Le società che stavano attraversando momenti difficili, ma mostravano segnali di ripresa, rientravano tra le tipologie di aziende prese in considerazione da Peter Lynch nei suoi investimenti azionari. Si tratta delle cosiddette società in inversione di rotta, ovvero imprese che hanno subito cali degli utili o crisi temporanee, ma che, grazie a ristrutturazioni, interventi mirati o nuovi piani strategici, possono tornare a crescere. Riconoscere queste situazioni permetteva al leggendario investitore di definire strategie di acquisto e vendita mirate, sfruttando il momento in cui il mercato sottovalutava il reale potenziale di ripresa dell’azienda.
In questo articolo:
- Peter Lynch: cosa intende per società in inversione di rotta
- Quando comprare e vendere?
Peter Lynch: cosa intende per società in inversione di rotta
Una società in inversione di rotta è un’azienda che si è trovata sull’orlo del fallimento ma che è pronta a ripartire, osserva Peter Lynch. In questo caso, non si può parlare di crescita, perché l’impresa, in quella fase, non sta realmente crescendo. Non si tratta nemmeno delle classiche società cicliche che si trovano nel punto più basso del ciclo negativo e stanno per entrare nella fase favorevole. Qui si parla, invece, di aziende che hanno vissuto momenti particolarmente difficili per una serie di vicissitudini e che, grazie a cambiamenti interni o fattori esterni, possono vivere una sorta di “seconda giovinezza”.
In alcuni casi, anche una società ciclica gestita male può trasformarsi in una società in inversione di rotta, se nel punto più basso del ciclo si avvicina al fallimento. Una caratteristica di queste azioni è che il loro andamento è spesso scollegato da quello del mercato generale, proprio perché riflettono dinamiche specifiche legate alla singola azienda.

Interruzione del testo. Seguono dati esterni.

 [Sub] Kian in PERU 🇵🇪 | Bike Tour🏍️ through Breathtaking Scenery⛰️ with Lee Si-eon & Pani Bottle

Lynch individua diverse situazioni in cui possono verificarsi inversioni di rotta con elevato potenziale di rendimento. Ad esempio, quando è sufficiente un intervento governativo, come un finanziamento, per rilanciare l’azienda. Oppure quando il mercato reagisce in modo eccessivo a un problema circoscritto, come un incidente: in questi casi, può bastare avere pazienza affinché la situazione si normalizzi. Tuttavia, Lynch raccomanda di evitare le situazioni in cui i danni derivanti da un evento non sono quantificabili, poiché l’incertezza potrebbe risultare troppo elevata per un investitore.

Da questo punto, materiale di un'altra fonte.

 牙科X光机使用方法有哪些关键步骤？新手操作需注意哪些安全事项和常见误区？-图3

Un’altra situazione tipica si verifica quando una società sana si separa (spin-off) da una società madre in difficoltà: in questo caso, il potenziale di rivalutazione può essere significativo. Infine, Lynch evidenzia i casi di inversione legati a ristrutturazioni aziendali, ad esempio dopo acquisizioni sbagliate che hanno peggiorato il business. Una volta cedute le attività meno redditizie e avviato un processo di risanamento, può iniziare una fase di recupero spesso ben accolta da Wall Street.
Quando comprare e vendere?
Per individuare il momento giusto per acquistare azioni di una società in inversione di rotta, è fondamentale prestare attenzione ai segnali che indicano un cambiamento significativo in atto e, in alcuni casi, saperli interpretare correttamente: un finanziamento rilevante, la cessione di un’attività poco redditizia, una strategia per compensare un incidente di percorso, uno spin-off, ecc.
Secondo l’ex gestore del fondo Magellan di Fidelity, il momento di vendere coincide con il completamento del processo di inversione di rotta, ossia quando la società torna a essere solida come prima della crisi. In questa fase, è importante osservare anche alcuni indicatori di bilancio. Ad esempio, un aumento delle passività dopo diversi trimestri di calo può rappresentare un segnale di attenzione. Inoltre, rimanenze che crescono più rapidamente delle vendite o una forte dipendenza da un singolo cliente — soprattutto se quest’ultimo attraversa difficoltà — possono indicare un possibile deterioramento della situazione.